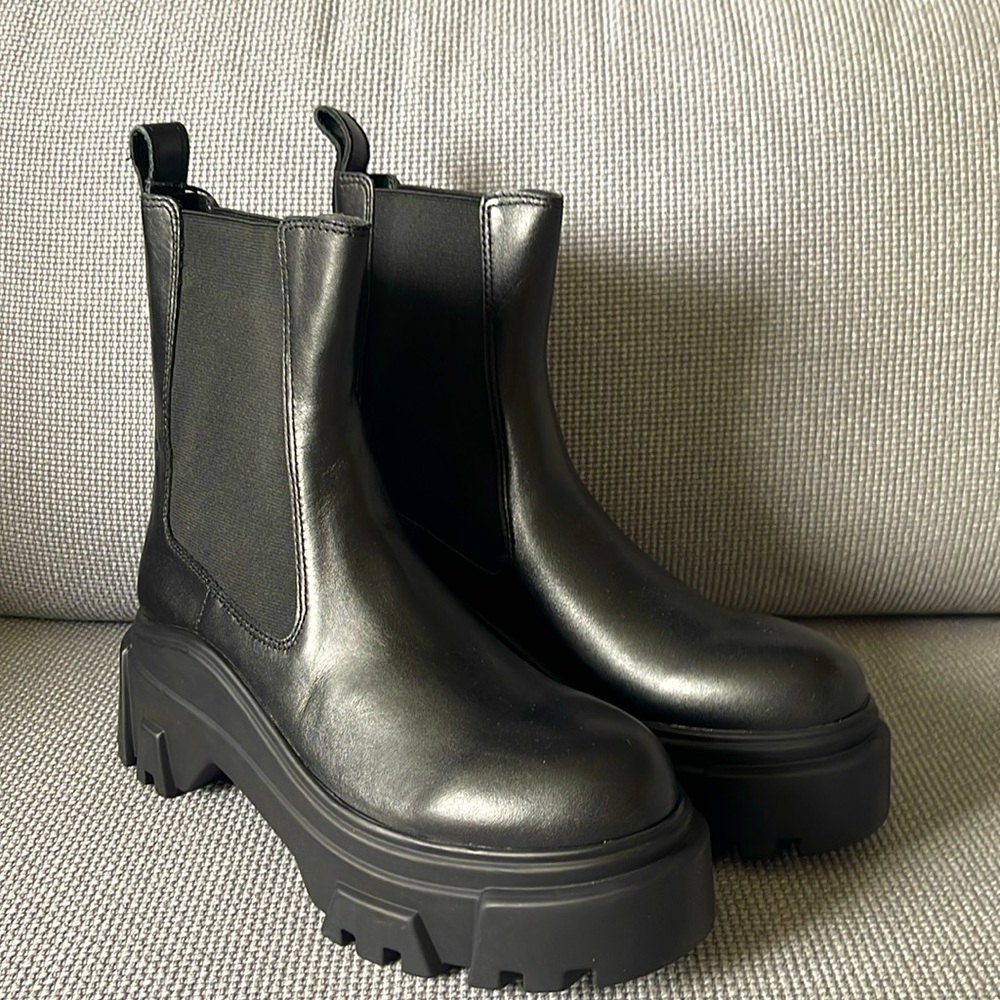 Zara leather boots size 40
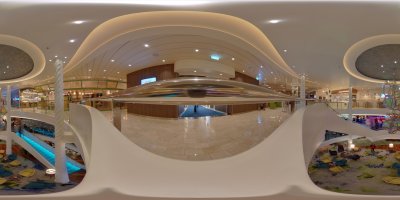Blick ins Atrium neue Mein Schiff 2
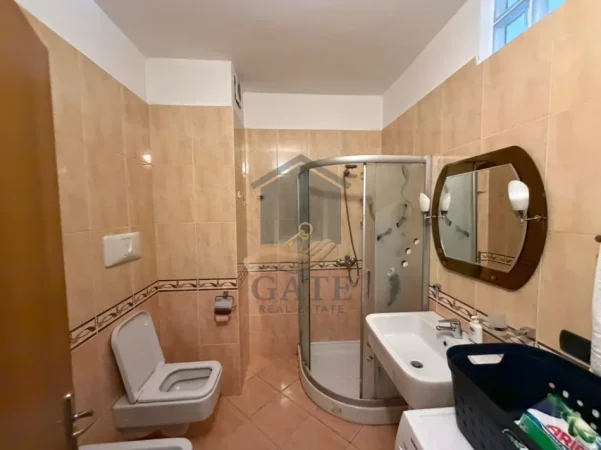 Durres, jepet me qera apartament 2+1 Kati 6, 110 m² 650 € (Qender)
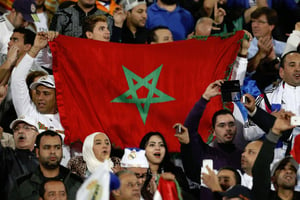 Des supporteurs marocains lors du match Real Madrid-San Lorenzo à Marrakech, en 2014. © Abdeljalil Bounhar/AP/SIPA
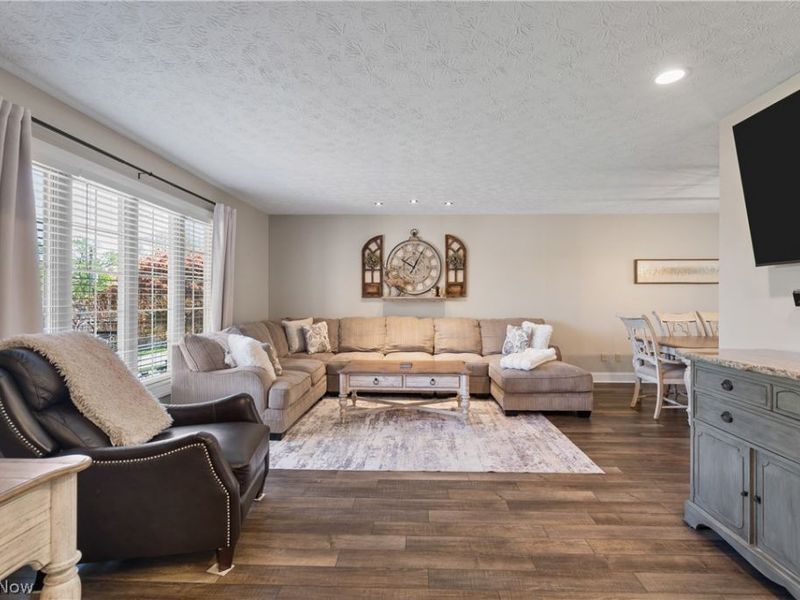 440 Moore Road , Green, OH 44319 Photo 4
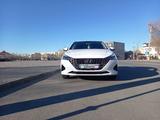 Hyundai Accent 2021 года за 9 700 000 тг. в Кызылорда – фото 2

Work item =
Give back the exact lines above, running from the one that has "Durres, jepet me" through the one that has "440 Moore Road , Green, OH 44319 Photo 4", with nothing added and no pictures.

Response to the exercise =
 Durres, jepet me qera apartament 2+1 Kati 6, 110 m² 650 € (Qender)
 Des supporteurs marocains lors du match Real Madrid-San Lorenzo à Marrakech, en 2014. © Abdeljalil Bounhar/AP/SIPA
 440 Moore Road , Green, OH 44319 Photo 4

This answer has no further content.